Eric Besson a annoncé, le lundi 26 octobre, le lancement d’un grand débat national sur l’identité du même nom. Mobilisant préfets et sous-préfets (ceux-là même qui, depuis deux ans, ont été dotés de marges d’initiatives accrues afin de décliner sur leurs territoires respectifs la politique de reconduite aux frontières impulsée par le ministère de l’Immigration et de l’Identité nationale), le débat devrait solliciter les «forces vives de la nation» autour de la question suivante : «Qu’est-ce qu’être français ?»
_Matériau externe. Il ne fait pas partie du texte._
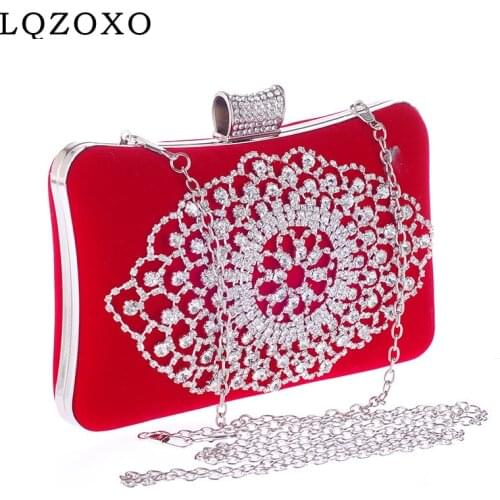 Banquet Wedding Lady Handbags With Rhinestones Purse Diamonds Women Small Day Clutch Velvet Female Purse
Une telle initiative, intervenant à quelques mois avant les élections régionales et quelques jours après l’expulsion de plusieurs migrants vers un pays en guerre, devrait assez logiquement susciter dans l’opinion des réactions variées. Gageons d’ores et déjà que certaines d’entre elles consisteront à tenter de retourner la question contre son initiateur : être français, rappellera-t-on, c’est hériter d’une tradition d’accueil, d’hospitalité et d’ouverture, tradition à l’évidence incompatible avec la politique d’immigration actuellement menée ; c’est se reconnaître dans une citoyenneté définie non par l’origine géographique ou culturelle, mais par la défense et la promotion commune des droits humains partout où ceux-ci sont niés – conception de la citoyenneté inconciliable, tant avec les dérives xénophobes dont a fait régulièrement preuve le précédent ministre de l’Immigration et de l’Identité nationale, qu’avec son action et celle de son successeur. Etre français, arguera-t-on en bref, c’est être en tout point opposé à l’horizon de fermeture, de surveillance, de délation réciproque et de contrainte par corps, d’opportunisme et de xénophobie aujourd’hui symbolisés par l’existence d’un ministère de l’Immigration, et incarné par Eric Besson avec un dévouement dans la duplicité qui ne laisse pas d’impressionner.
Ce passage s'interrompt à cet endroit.